EXERCISE: From the records below, copy out exactly the lines from the one containing "非农数据提示美国经济脉搏，三大指标引领未来走向" to the one containing "Women's Long Sleeve Open Front Long Cardigan", both included. Add nothing else.

INPUT:
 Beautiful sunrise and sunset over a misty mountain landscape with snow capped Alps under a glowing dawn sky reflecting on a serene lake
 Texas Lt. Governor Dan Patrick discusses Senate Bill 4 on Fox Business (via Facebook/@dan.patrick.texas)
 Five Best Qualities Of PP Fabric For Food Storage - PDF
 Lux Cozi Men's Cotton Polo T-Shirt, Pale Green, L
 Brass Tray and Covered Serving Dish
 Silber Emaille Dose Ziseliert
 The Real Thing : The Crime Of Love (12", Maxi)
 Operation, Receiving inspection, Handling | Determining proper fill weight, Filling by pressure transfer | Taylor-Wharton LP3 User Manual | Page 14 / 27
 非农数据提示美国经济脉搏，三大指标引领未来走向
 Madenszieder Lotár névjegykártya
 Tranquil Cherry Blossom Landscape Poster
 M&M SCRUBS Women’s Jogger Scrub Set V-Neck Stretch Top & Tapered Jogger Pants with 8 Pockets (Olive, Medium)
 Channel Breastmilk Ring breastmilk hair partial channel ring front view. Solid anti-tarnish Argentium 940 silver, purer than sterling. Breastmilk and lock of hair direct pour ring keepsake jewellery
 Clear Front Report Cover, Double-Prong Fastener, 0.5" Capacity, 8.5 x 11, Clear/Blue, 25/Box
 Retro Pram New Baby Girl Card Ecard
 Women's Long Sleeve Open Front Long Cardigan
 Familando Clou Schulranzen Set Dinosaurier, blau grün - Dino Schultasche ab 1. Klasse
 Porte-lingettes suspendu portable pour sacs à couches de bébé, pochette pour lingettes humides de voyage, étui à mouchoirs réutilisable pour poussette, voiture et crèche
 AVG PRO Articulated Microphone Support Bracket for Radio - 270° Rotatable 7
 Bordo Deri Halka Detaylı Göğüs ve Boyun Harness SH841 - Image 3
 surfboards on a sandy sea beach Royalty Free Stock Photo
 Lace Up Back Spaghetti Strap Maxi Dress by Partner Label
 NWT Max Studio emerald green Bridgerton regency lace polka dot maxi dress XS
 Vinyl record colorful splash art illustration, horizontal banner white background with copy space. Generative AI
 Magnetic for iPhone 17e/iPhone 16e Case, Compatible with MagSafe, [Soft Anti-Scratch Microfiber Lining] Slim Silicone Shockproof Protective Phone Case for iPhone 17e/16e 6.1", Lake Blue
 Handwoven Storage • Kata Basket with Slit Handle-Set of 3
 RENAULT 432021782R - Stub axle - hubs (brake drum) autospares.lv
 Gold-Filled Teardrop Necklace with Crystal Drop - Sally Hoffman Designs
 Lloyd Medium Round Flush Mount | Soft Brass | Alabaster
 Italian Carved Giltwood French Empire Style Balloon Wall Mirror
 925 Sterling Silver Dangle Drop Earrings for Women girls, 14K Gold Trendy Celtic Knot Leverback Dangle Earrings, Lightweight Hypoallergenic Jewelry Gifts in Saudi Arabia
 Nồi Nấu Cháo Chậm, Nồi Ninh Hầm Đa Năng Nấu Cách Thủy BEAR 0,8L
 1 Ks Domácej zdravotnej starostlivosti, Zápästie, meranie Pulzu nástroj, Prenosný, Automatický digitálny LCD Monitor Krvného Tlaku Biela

ANSWER AREA:
 非农数据提示美国经济脉搏，三大指标引领未来走向
 Madenszieder Lotár névjegykártya
 Tranquil Cherry Blossom Landscape Poster
 M&M SCRUBS Women’s Jogger Scrub Set V-Neck Stretch Top & Tapered Jogger Pants with 8 Pockets (Olive, Medium)
 Channel Breastmilk Ring breastmilk hair partial channel ring front view. Solid anti-tarnish Argentium 940 silver, purer than sterling. Breastmilk and lock of hair direct pour ring keepsake jewellery
 Clear Front Report Cover, Double-Prong Fastener, 0.5" Capacity, 8.5 x 11, Clear/Blue, 25/Box
 Retro Pram New Baby Girl Card Ecard
 Women's Long Sleeve Open Front Long Cardigan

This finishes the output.